Die „neue“ Norm DIN EN 62368-1:05-2016 vor ihrer 3. Ausgabe

 

Aus den beiden Normen DIN EN 60950 und DIN EN 60085 hat das TC 108 bei IEC die zusammenfassende und stark erweiternde Norm IEC 62368 geschaffen, die in Kürze als DIN EN 62368-1 bindende Wirkung erreicht.
(CMC Klebetechnik, Nov. 2017)

Diese Norm gilt für elektrische und elektronische Einrichtungen im Bereich Audio- und Videotechnik, Informations- und Telekommunikationstechnik sowie für Bauteile und Baugruppen, die zum Einbau vorgesehen werden sowie externe Netzteile (z.B. Steckernetzteile).

Die Norm befasst sich mit der Thematik der (mechanischen, elektrischen, thermischen,….) Sicherheit von Geräten und Einrichtungen und den Auswirkungen auf Personen im Fehlerfall.

Um die Norm leicht verständlich zu halten, wurde ein Drei-Block-Modell gewählt. Es gibt die Energiequelle (z.B. heisse Oberfläche), den Energieübertragungsweg (z.B. elektrisch leitende Oberfläche) und der von der Energieeinwirkung betroffene Mensch (Körperteil).
Ebenso ist das Maß der Beeinträchtigung in drei Energieklassen definiert: Eine Energieklasse der Stufe 1 ist spürbar aber nicht schmerzhaft, eine Entzündung ist unwahrscheinlich. Energieklasse 2 ist schmerzhaft, verursacht aber noch keine ernsthaften Verletzungen und die Brandwahrscheinlichkeit ist zwar da, aber der Brand dehnt sich nur begrenzt aus. Alle weiteren, schlimmeren Folgen sind in der Stufe 3 zusammen gefasst.

Um eine Verletzung (zum Beispiel Herausfallen eines Einschubes aus einem Schaltschrank) oder Gefährdung (Öffnungen in Gehäuse eines elektrischen Gerätes größer als Prüffinger) zu vermeiden, werden verschiedene Schutzvorrichtungen definiert. Diese sind vor allem aus dem Umfeld elektrischer Isolationen gut bekannt:

-          Basisschutzvorrichtung

-          Zusätzliche Schutzvorrichtung

-          Verstärkte Schutzvorrichtung

-          Doppelte Schutzvorrichtung (Basis- + Zusätzl.)

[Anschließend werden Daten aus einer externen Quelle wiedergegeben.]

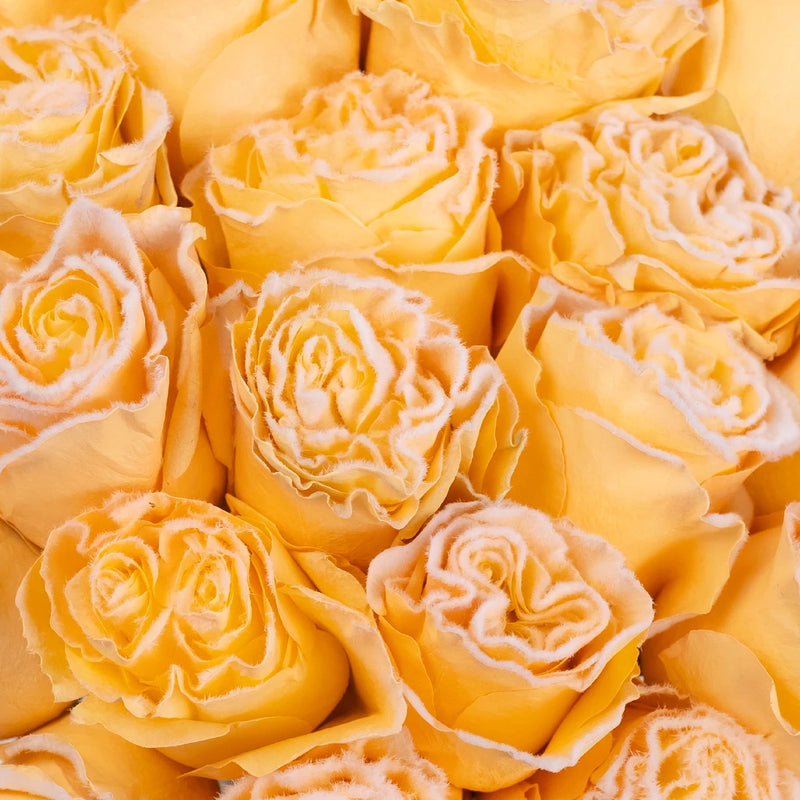 Tinted Peach Fuzzy Roses Close Up - Image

 Als dritte Einflußgröße definiert die Norm zusätzlich noch den Personenkreis (Laie, unterwiesene Person, Fachkraft). Deren Nutzerprofil definiert die jeweils notwendigen Maßnahmen zum Schutz vor einer der drei Energiequellen-Klassen.

Im Bereich der elektrischen Sicherheit und den dafür notwendigen „Safeguard-Vorrichtungen“ gibt es mit der Ausgabe 3 weitere Änderungen. Diese betreffen die Definitionen von Energieeinwirkungslevels beim Vorhandensein von Energiequellen aller drei Klassen (spürbar bis lebensbedrohend) in einem Gerät/einer Einrichtung. Dazu wird auch die Ermittlung der Luft- und Kriechstrecken nochmals genauer definiert.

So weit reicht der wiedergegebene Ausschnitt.